2) Test the lightbulb to ensure it works.
3) Connect the LDR with its black paper tube or shroud in series with a milli-ammeter and then connect the other ends of the leads across the same two terminals on the power supply. 
4) Turn the power supply on and turn voltage to 6V DC and check you get a reading for the current through the LDR using the milli-ammeter. 
5) Place your finger over the opening to the black tube or shroud connected to the LDR and see if the current reduces. If it does you are now ready to do the experiment.

1) From the circuit produced in the set up, place the light bulb on a clamp as shown, 1cm directly above the black tube (shroud) that is connected to the LDR. 
2) Record the reading on the ammeter to 3 decimal places. If the current changes alot, pick the mode number (number that appears the most amount of times for the longest period of time).
3) Repeat steps 1 & 2 but this time place one sheet of tracing paper over the black tube (shroud). 
4) Repeat steps 1-3 ten times.
5) Repeat the experiment 3 times.
6) Ignore any anomalous results and repeat to compensate for this.

Your graph should look something like this:

Pattern from the Graph
From the graph, it is clear that as the number of sheets increase, the current decreases. The whole graph shows negative correlation, with the line starting extremely steep and then eventually levelling out. This shows that after ‘X’ amount of tracing paper, any more sheets of tracing paper won’t affect the current making the number of sheets a limiting factor.

The method was and could have been made more valid by (The point/Explanation for the point)
Keeping same amount of background light so the LDR won’t cause an increase in current due change in background light. (Or turning off the lights in the room off to completely eliminate background light and to stop  the flicker from flurescent lights from affecting current levels)
Same light bulb so the same light intensity is trying to hit the LDR.
Same thickness of each individual tracing paper as different thickness will cause a change in light reaching LDR and therefore change in current.
Same circuit so the current of voltage around the circuit won’t differ due to the circuit being different.
Same voltage so bulb emits same intensity of light.
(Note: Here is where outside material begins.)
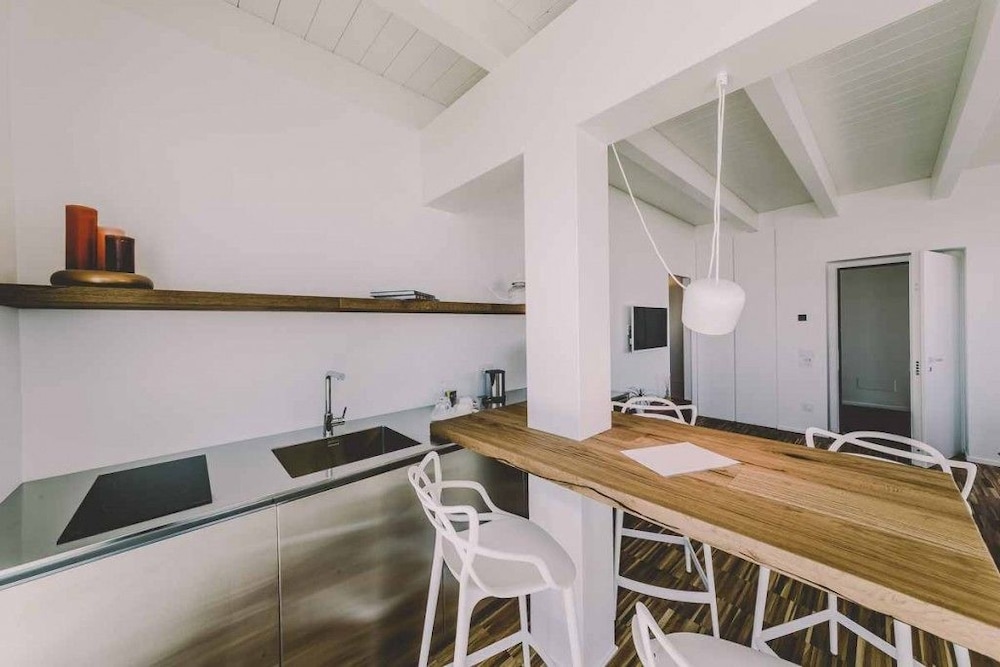 Suite 10 Home Design & Spa 14/69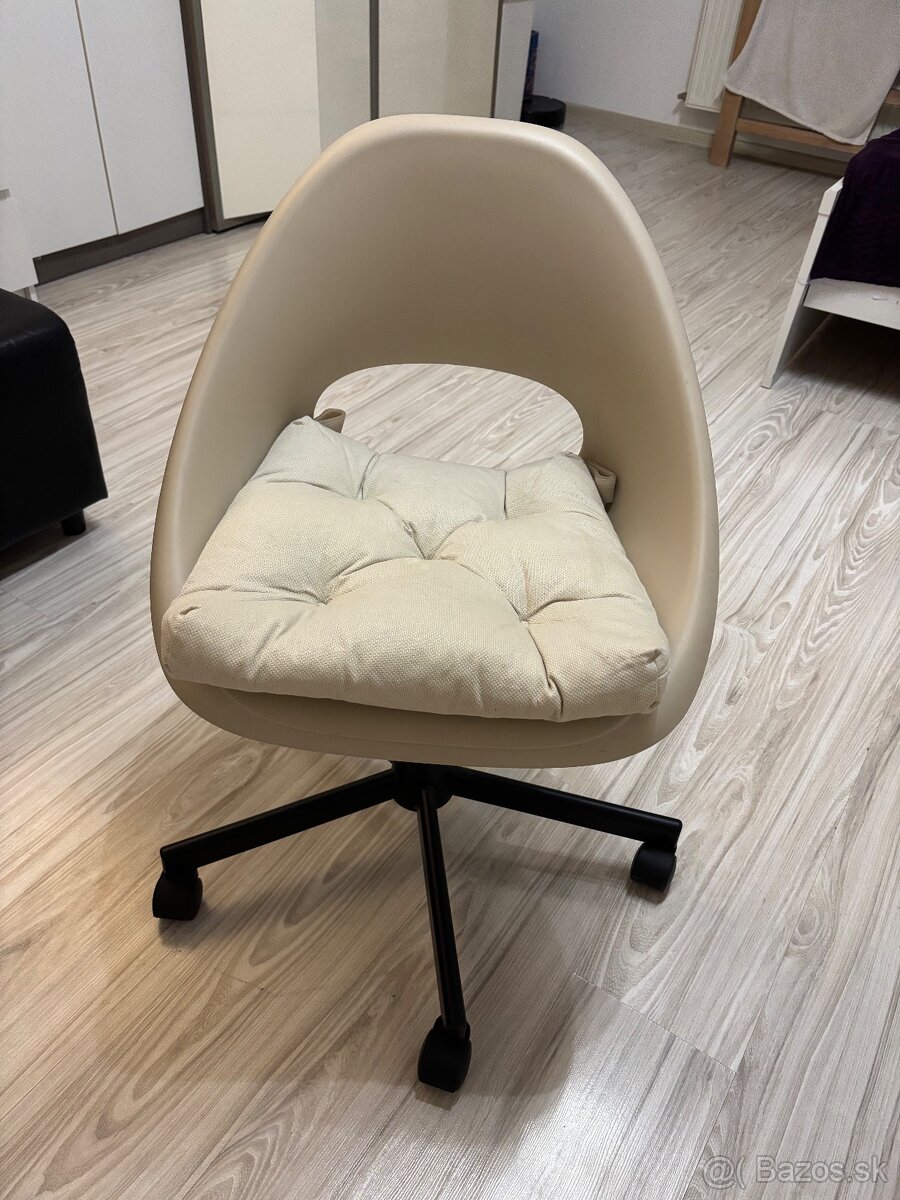 Predám plnohodnotné masážne lehátko. - 6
The method was made reliable by
Using ten separate layers of tracing paper
Measure current to 3 decimal places
Use shroud to reduce background radiation
Repeating the experiment and averaging the results
Ignoring any anomalous data and repeat to compensate

(this is where you should use your results and scientific knowledge)
Ultimately, the thicker the tracing paper, the lower the current is. This is due to the tracing paper blocking some light from reaching the LDR (just like metal can block some gamma rays reaching its destination). This caused the LDR to absorb less light and therefore produce a lower current in the circuit. The graph starts off steep showing the thickness of tracing paper affects the current the most in the first few layers, then starts to level out towards the end. This just proves that the first few layers of tracing paper block out the most amount of light from reaching the LDR, while the layers after that have not as big an impact.